Work instructions
Without including the pictures, copy each line below exactly as it reads.

Dataset excerpt
────────────────
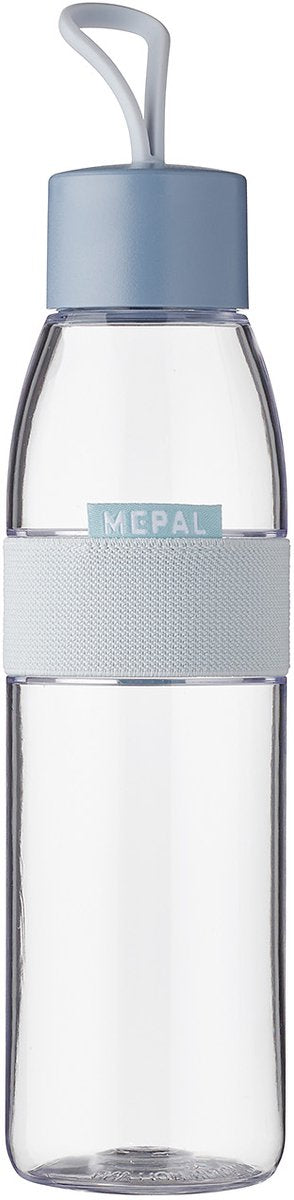 Mepal Water Flasche Ellipse - 500 ml - nordisch blau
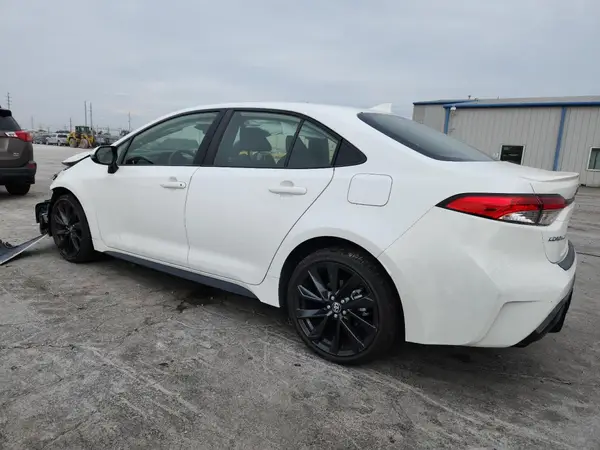 JTDBCMFE9PJ013781 2023 TOYOTA COROLLA - Image 2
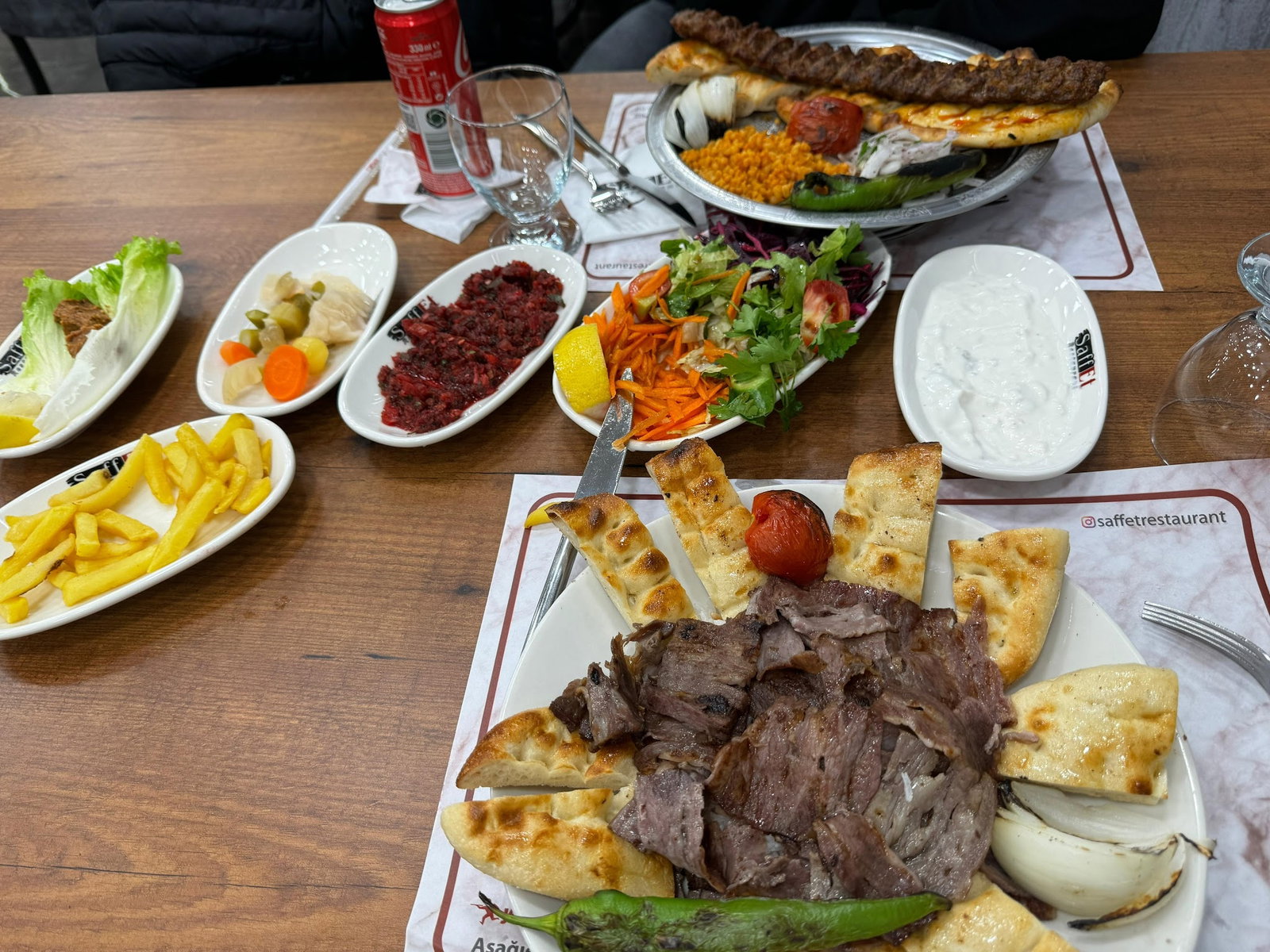 Saff-Et Döner Etlik Şubesi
────────────────
Expected answer
 Mepal Water Flasche Ellipse - 500 ml - nordisch blau
 JTDBCMFE9PJ013781 2023 TOYOTA COROLLA - Image 2
 Saff-Et Döner Etlik Şubesi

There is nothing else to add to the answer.